Northern Prairie Wildlife Research Center
Comparison of variability among broods may be confounded by the use of plumage development for ageing, especially for ducklings around 2-3 weeks old. Lokemoen et al. (1990) suspected the high variation in body mass of Mallards, Blue-winged Teal, and Gadwall within the same plumage class was due in part to inaccuracy of ageing birds from plumage. Schneider (1965) found errors of more than two weeks within and among broods if age at which teleoptiles first emerge (2-3 weeks of age; Southwick 1953) was used for age classification. Once feathering began, the sequence and timing of emergence seemed to be constant. Retarded growth or poor body condition may be reflected in delayed plumage development. We were able to assess accuracy of ageing in this study by comparing 49 ducklings from 12 broods of known hatching date with age classes as outlined by Dzubin (1959). Of these, 14% had been misclassified: one was estimated as one week younger, five as one week older, and one as two weeks older than actual age.
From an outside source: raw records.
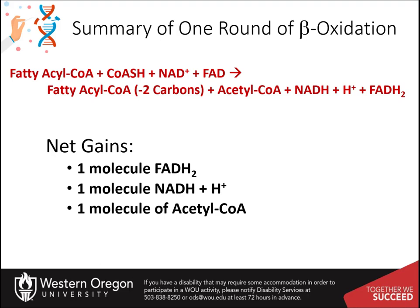Acetyl-CoA is oxidized to carbon dioxide in the Krebs cycle, generating one GTP, three NADH, and one FADH2. The electron carriers will then also feed into the electron transport chain.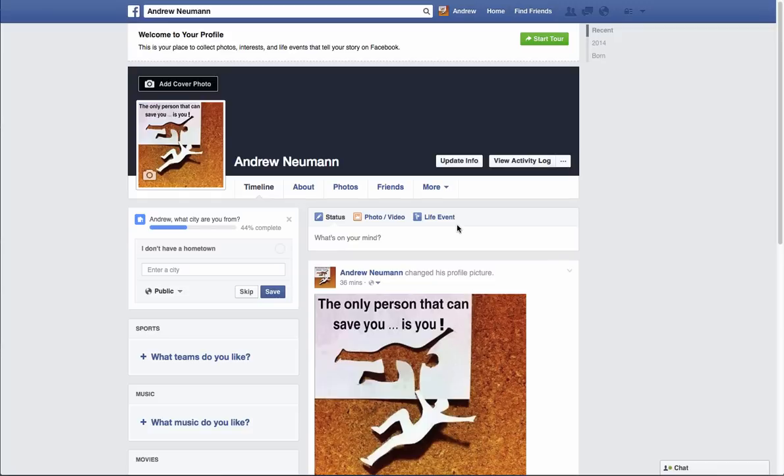Hello and welcome. Andrew here with the ClickFunnels support team. What we're going to show you how to do in this video is integrate your ClickFunnels funnels with your Facebook fan pages.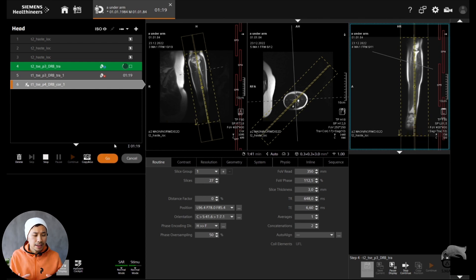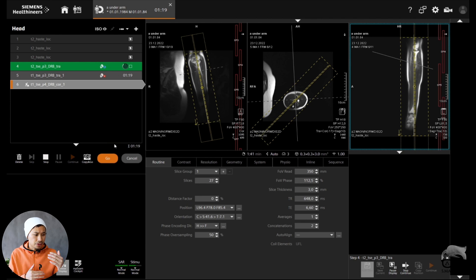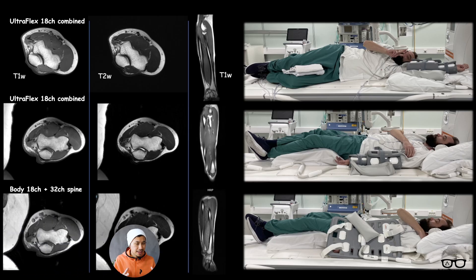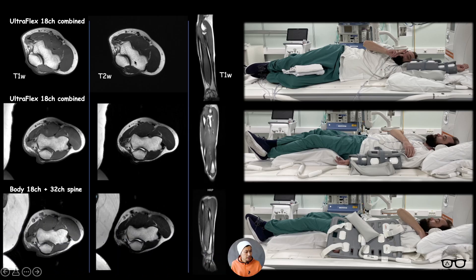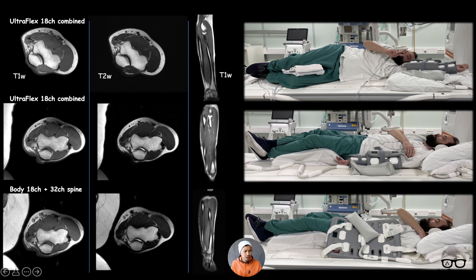As you can see, the coronal is covering a large field of view, trying to cover the whole underarm. And here are some results — T1, T2, and coronal — shown in three different rows corresponding to three different patient positions.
Age class and sex were the only factors affecting body mass in Canvasbacks. Sexual differences in mass became significant after Class IIA (about four weeks of age), somewhat earlier than reported for captive Canvasbacks and Redheads (Lightbody and Ankney 1984, Lightbody 1985). Canvasbacks were similar to Blue-winged Teal (Dane 1965) but differed from Mallards (Rhymer 1988b) in the lack of a seasonal effect on duckling body mass. The nesting period of Mallards is longer than that of Canvasbacks or Blue-winged Teal and provides greater opportunities for renesting and any associated changes in egg or duckling mass.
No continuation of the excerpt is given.